# [Data for review]
§
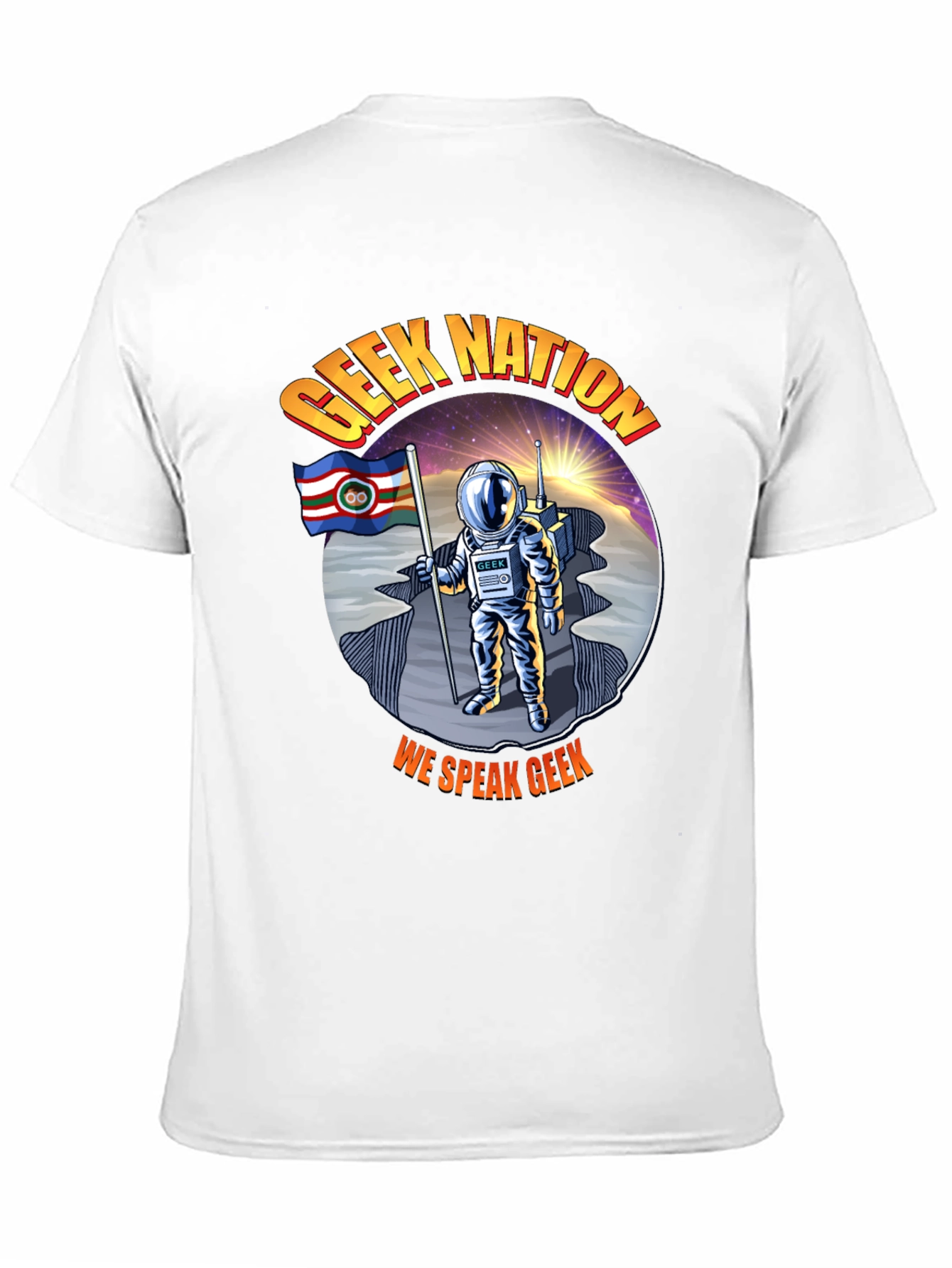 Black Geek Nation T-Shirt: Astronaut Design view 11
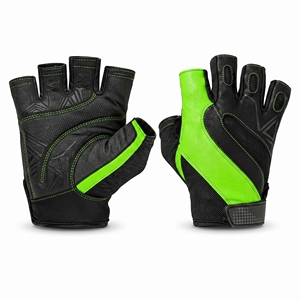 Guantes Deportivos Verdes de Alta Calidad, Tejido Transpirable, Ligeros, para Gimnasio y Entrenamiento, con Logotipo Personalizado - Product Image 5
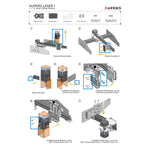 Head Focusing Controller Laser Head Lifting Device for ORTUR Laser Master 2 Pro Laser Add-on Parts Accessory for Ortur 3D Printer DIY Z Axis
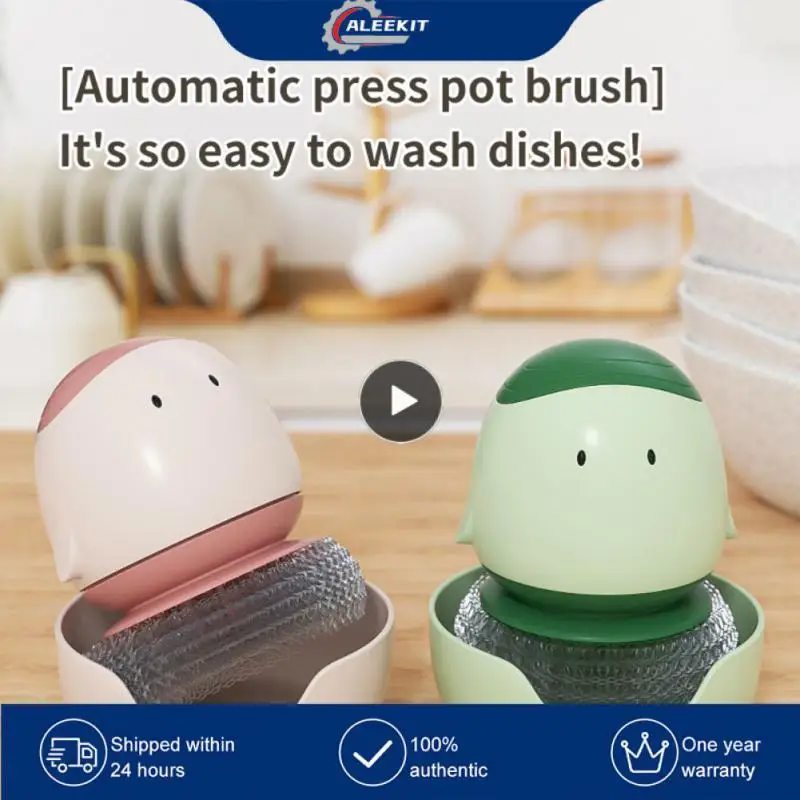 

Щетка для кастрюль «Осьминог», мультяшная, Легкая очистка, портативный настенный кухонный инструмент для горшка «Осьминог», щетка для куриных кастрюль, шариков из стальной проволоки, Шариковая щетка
§
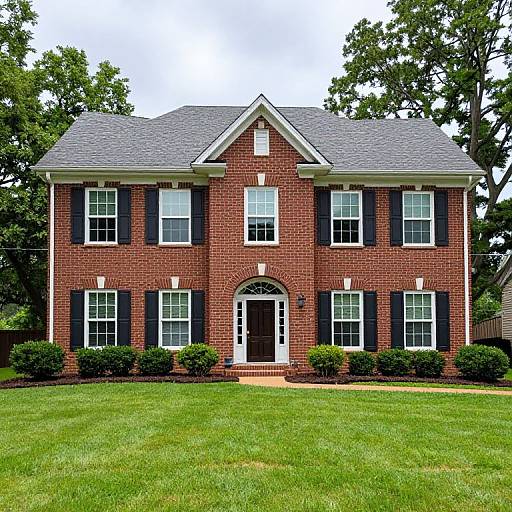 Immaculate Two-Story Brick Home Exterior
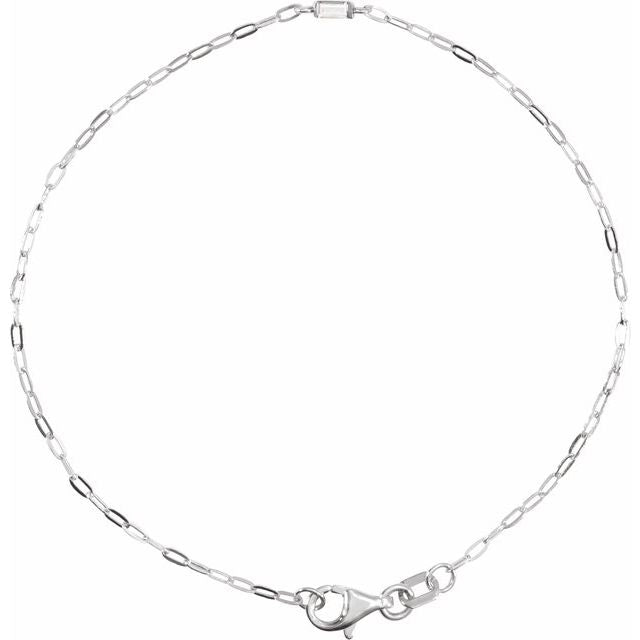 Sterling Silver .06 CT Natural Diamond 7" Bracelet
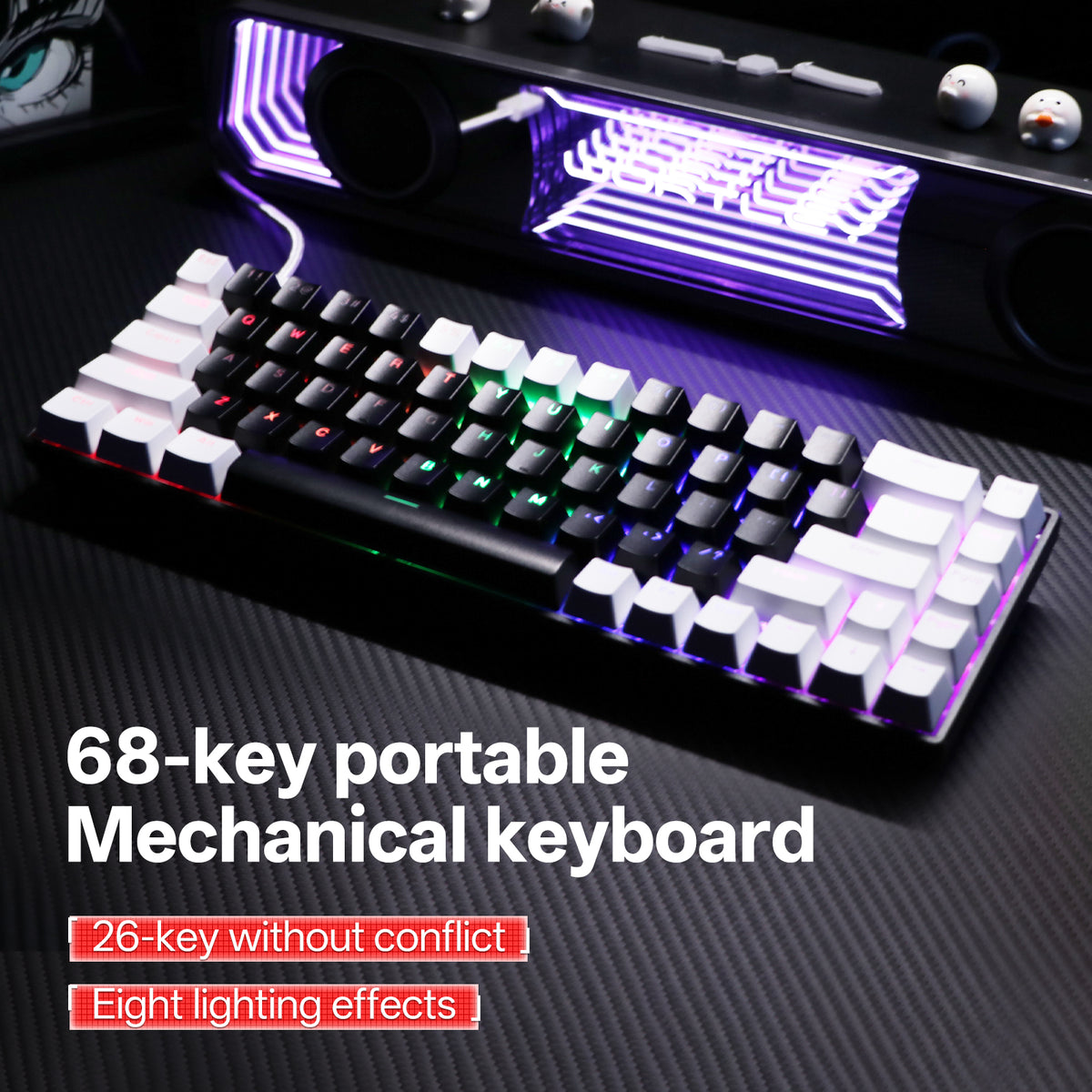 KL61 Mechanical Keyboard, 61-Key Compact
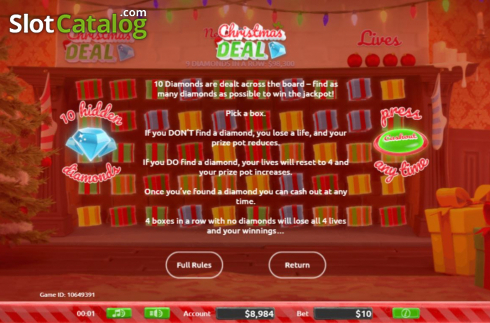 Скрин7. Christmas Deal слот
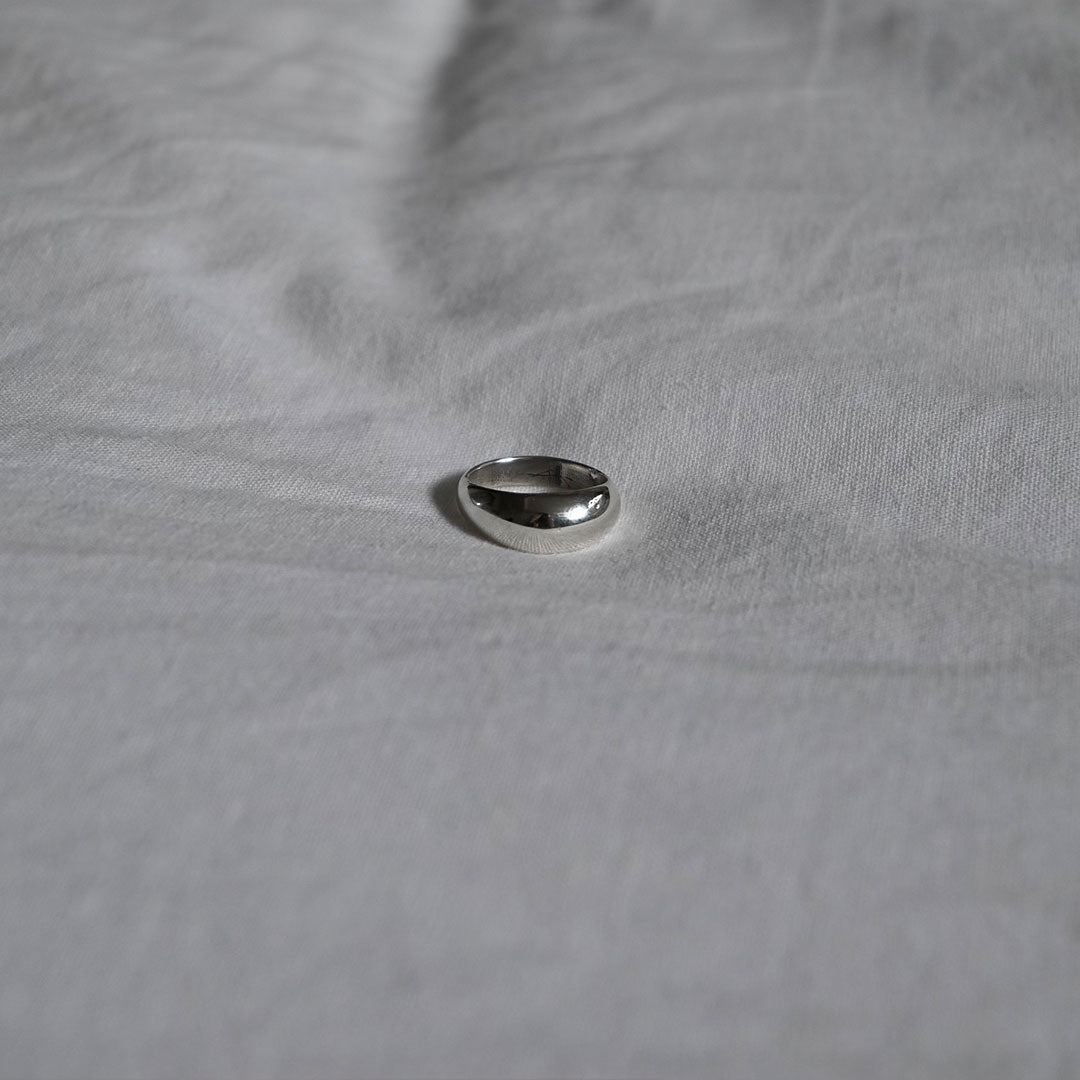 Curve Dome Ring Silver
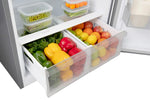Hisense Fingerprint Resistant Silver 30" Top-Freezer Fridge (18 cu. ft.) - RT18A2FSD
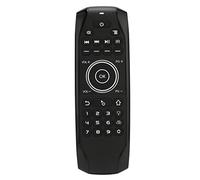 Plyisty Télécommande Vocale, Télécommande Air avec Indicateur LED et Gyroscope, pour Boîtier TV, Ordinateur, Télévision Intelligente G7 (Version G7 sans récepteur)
§
# [Task statement]
Pictures excluded, reproduce only the part above that opens with the line holding "Hisense Fingerprint Resistant" and closes with the line holding "Plyisty Télécommande Vocale, Télécommande", exactly as written.

# [Problem solution]
Hisense Fingerprint Resistant Silver 30" Top-Freezer Fridge (18 cu. ft.) - RT18A2FSD
 Plyisty Télécommande Vocale, Télécommande Air avec Indicateur LED et Gyroscope, pour Boîtier TV, Ordinateur, Télévision Intelligente G7 (Version G7 sans récepteur)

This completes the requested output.